What the exercise asks>
The lines below, from the one holding "First thing I" through the one holding "Follow along for", are to be restated word for word, with all images left out.

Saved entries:
----

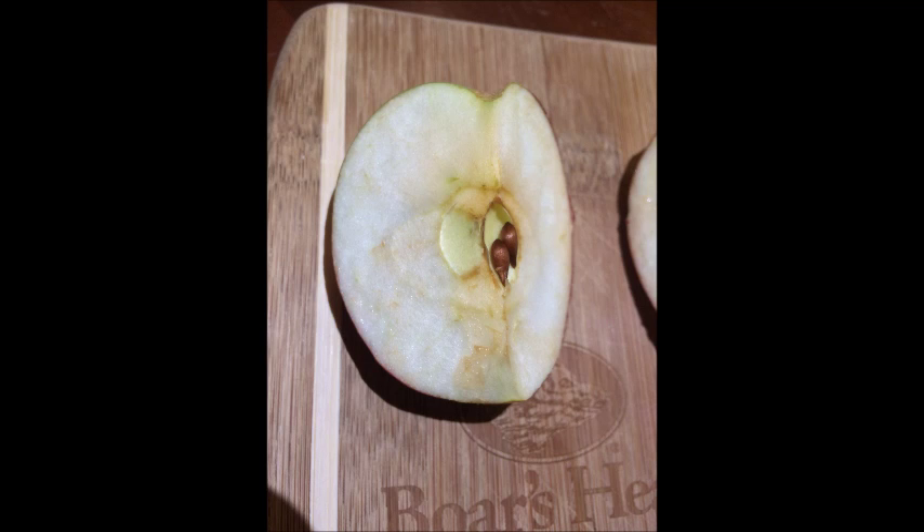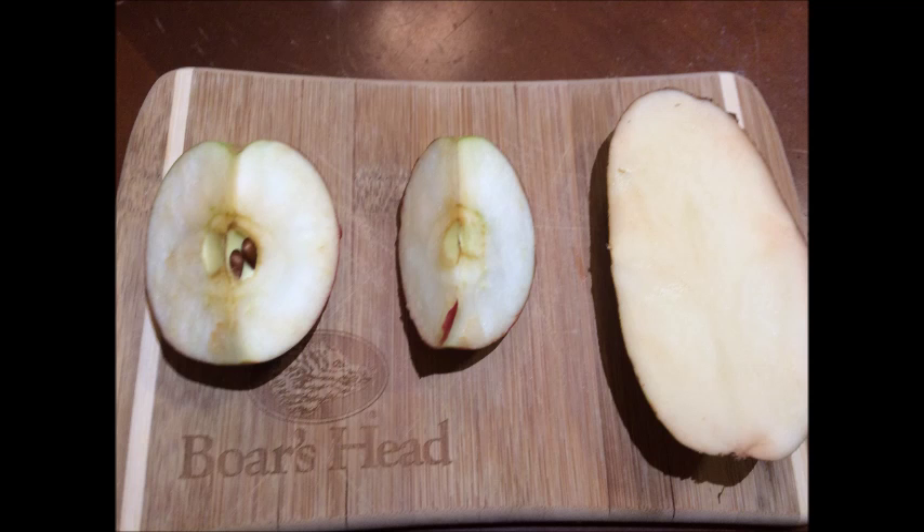After about 15 minutes, we can see the reaction begin to take place. Here's another view of all three slices after about 15 minutes.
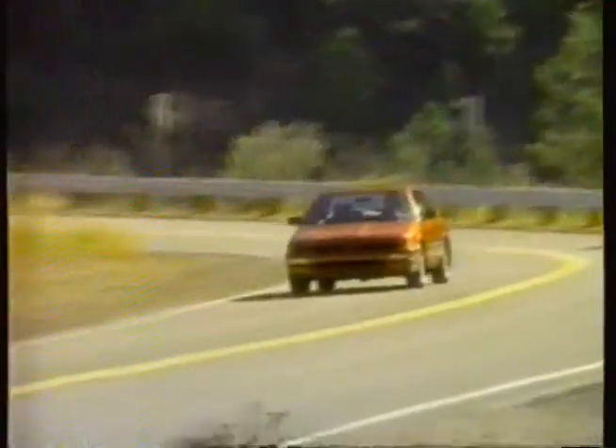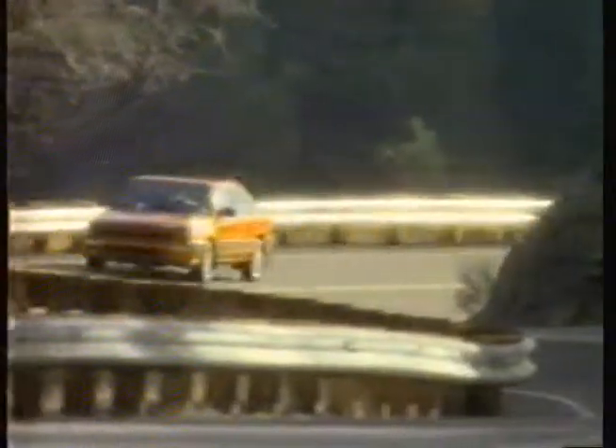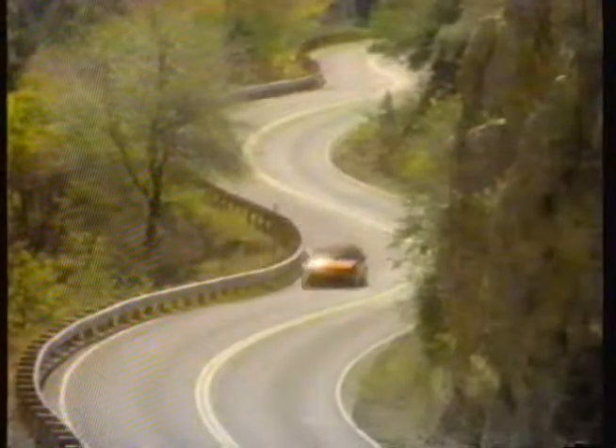The new Acura Integra four-door sedan is swift. It has a responsive double overhead cam engine with 16 valves. The Integra sedan is nimble, with four-wheel independent suspension.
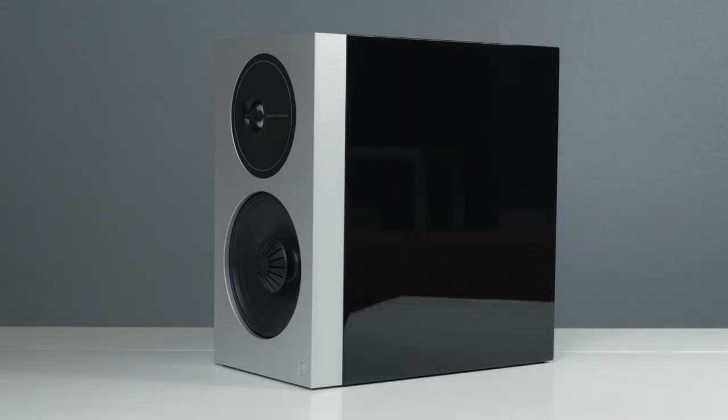Each speaker in the series features a painted gloss black cabinet, handcrafted to blend seamlessly with your lifestyle — meticulously sanded, painted, and then buffed for a level six near-mirror finish for an uncompromising look in your home.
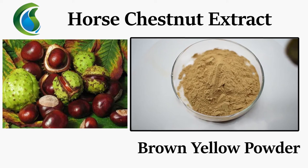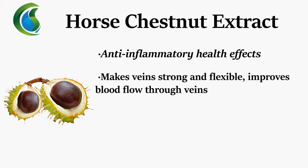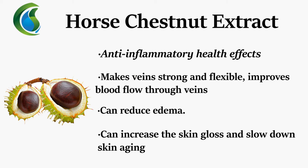Brown-yellow powder. Anti-inflammatory health effects: makes veins strong and flexible, improves blood flow through veins, can reduce edema, and can increase skin gloss and slow down skin aging.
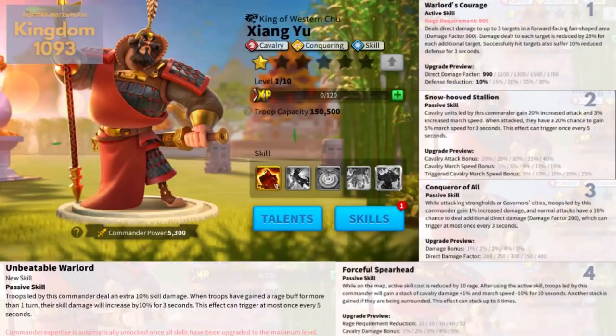First leak: new cavalry commanders. Xiang Yu, the first cavalry commander, is an important soldier, politician and aristocrat of ancient China. He's a cavalry, conquering and skill commander, which we like. First skill — the active skill — deals direct damage up to 3 targets in a forward-facing fan-shaped area, with a damage factor up to 1700. Damage dealt to each target is reduced by 25% for each additional target. Successful hit targets also suffer up to 30% reduced defense for 3 seconds. It looks great — not the usual 15% reduction for additional targets, but this is probably a rallying commander, so the primary target will be the garrison and will take the full damage and the defense debuff.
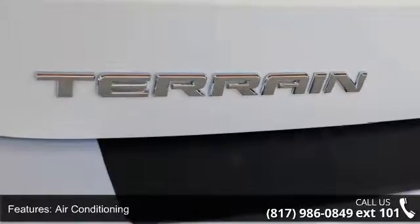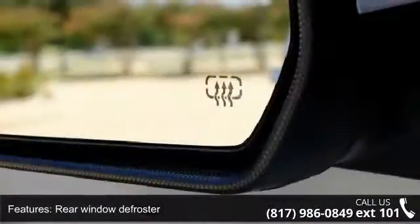Let us put you in the driver's seat today. Call or click to contact our dealership.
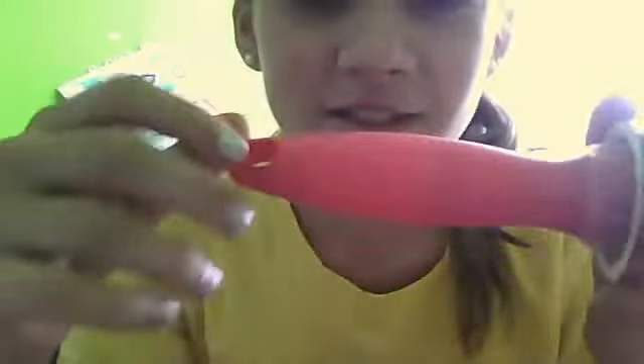First thing I got was a lint roller. It has 60 sheets and a little pink handle. They had different colors — blue, green, pink, purple. And this was only a dollar. In my Target, when you first walk in on the right side, they have a dollar section. That's where I got this from.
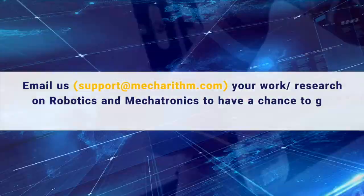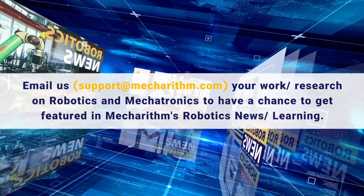Follow along for more learning and news on robotics, mechatronics, augmented reality, and orchard reality.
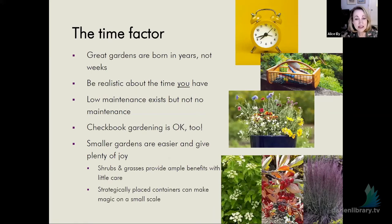The time factor: there are two kinds of time. Be patient — great gardens are born in years, not weeks. Some of your plantings are going to need time to fill in before they look their greatest. Perennials: they sleep the first year, creep the second year, and then leap the third year. Give them a little patience and room when you first plant them. Low maintenance exists, but not no maintenance. If you don't have much time, checkbook gardening is perfectly okay — bring in some help or keep it small. Smaller gardens are easier to maintain and give plenty of joy. Containers, shrubs, and grasses provide ample benefits with little care, and a lot of them are pretty deer resistant.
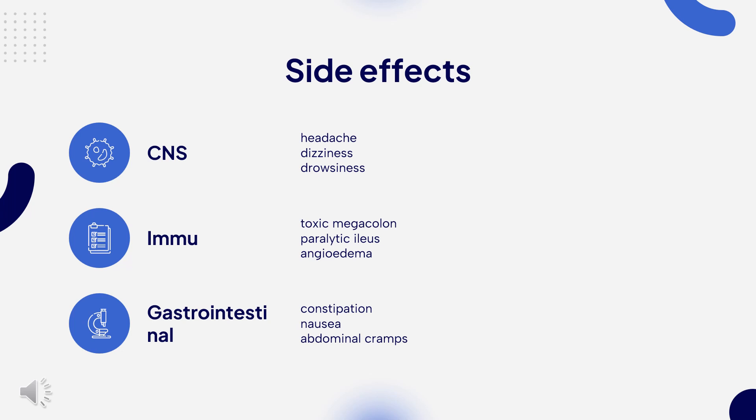Additional rare serious side effects include Stevens-Johnson syndrome, erythema multiforme, urinary retention, and heat stroke. The most important symptoms of loperamide overdose are drowsiness, vomiting, and abdominal pain or burning. High doses may result in heart problems such as abnormal heart rhythms.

----

Output for this exercise>
First thing I got was a lint roller. It has 60 sheets and a little pink handle. They had different colors — blue, green, pink, purple. And this was only a dollar. In my Target, when you first walk in on the right side, they have a dollar section. That's where I got this from.
Follow along for more learning and news on robotics, mechatronics, augmented reality, and orchard reality.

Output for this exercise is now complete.